Print the data below exactly, but only the lines from the one containing "Deck Plus Screws" down to the one containing "海外撸金项目免费合作共创共赢利润，你七我三我出技术你出人工", inclusive.

*Source material*:
══════════════════════════════
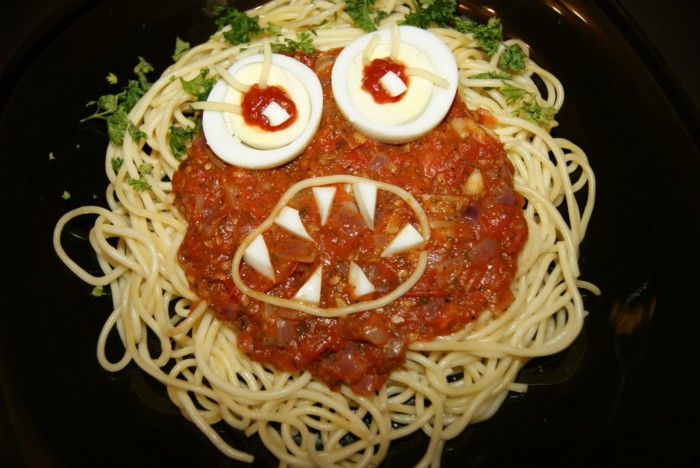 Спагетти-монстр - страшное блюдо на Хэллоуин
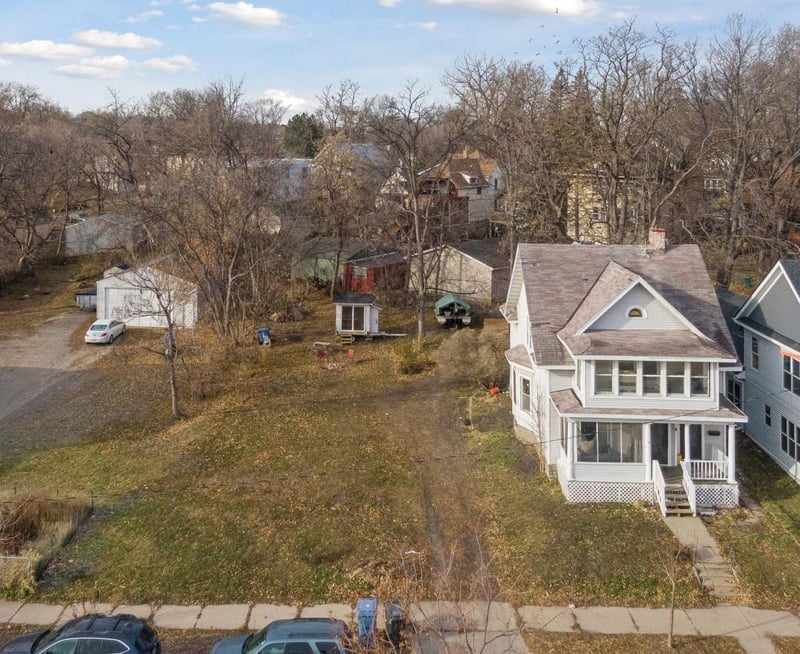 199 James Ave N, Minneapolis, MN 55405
══════════════════════════════
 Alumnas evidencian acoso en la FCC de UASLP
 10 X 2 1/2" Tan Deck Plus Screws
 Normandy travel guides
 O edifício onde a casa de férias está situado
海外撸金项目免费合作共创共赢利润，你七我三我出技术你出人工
══════════════════════════════
*Result*:
 10 X 2 1/2" Tan Deck Plus Screws
 Normandy travel guides
 O edifício onde a casa de férias está situado
海外撸金项目免费合作共创共赢利润，你七我三我出技术你出人工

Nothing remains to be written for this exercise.